Provided material:
******
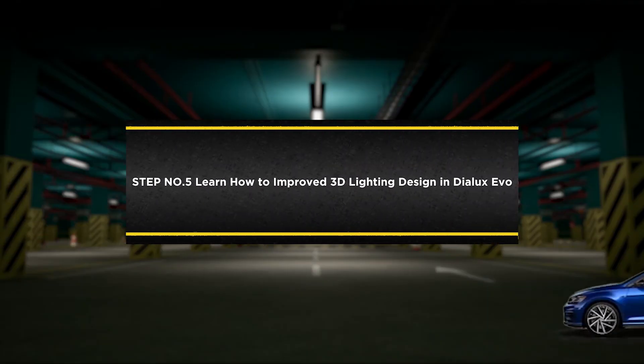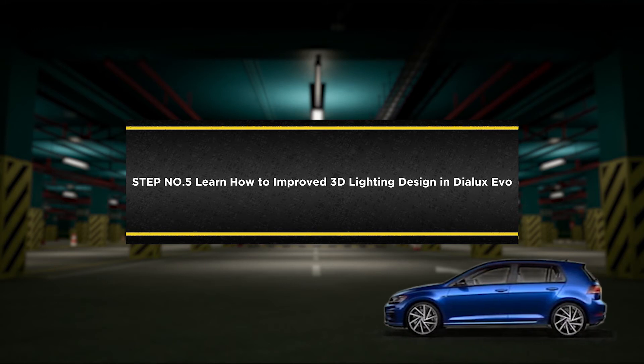Step number five: learn how to improve the 3D lighting design in DIALux Evo.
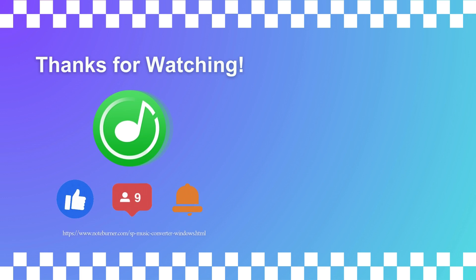If you found this video useful, don't forget to like, subscribe, and hit the bell icon so you don't miss any future tips.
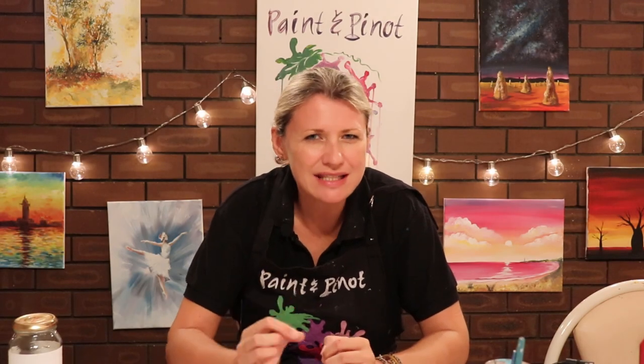Do you find painting roses really intimidating? In today's video I'm going to show you three different techniques, simply to show you how easy it is to actually paint acrylic roses.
******
What the task requires: Extract the lines exactly, please: the first line of the listing, the line with "If you found", and every line between them, but no pictures.

Reply to the task:
Step number five: learn how to improve the 3D lighting design in DIALux Evo.
If you found this video useful, don't forget to like, subscribe, and hit the bell icon so you don't miss any future tips.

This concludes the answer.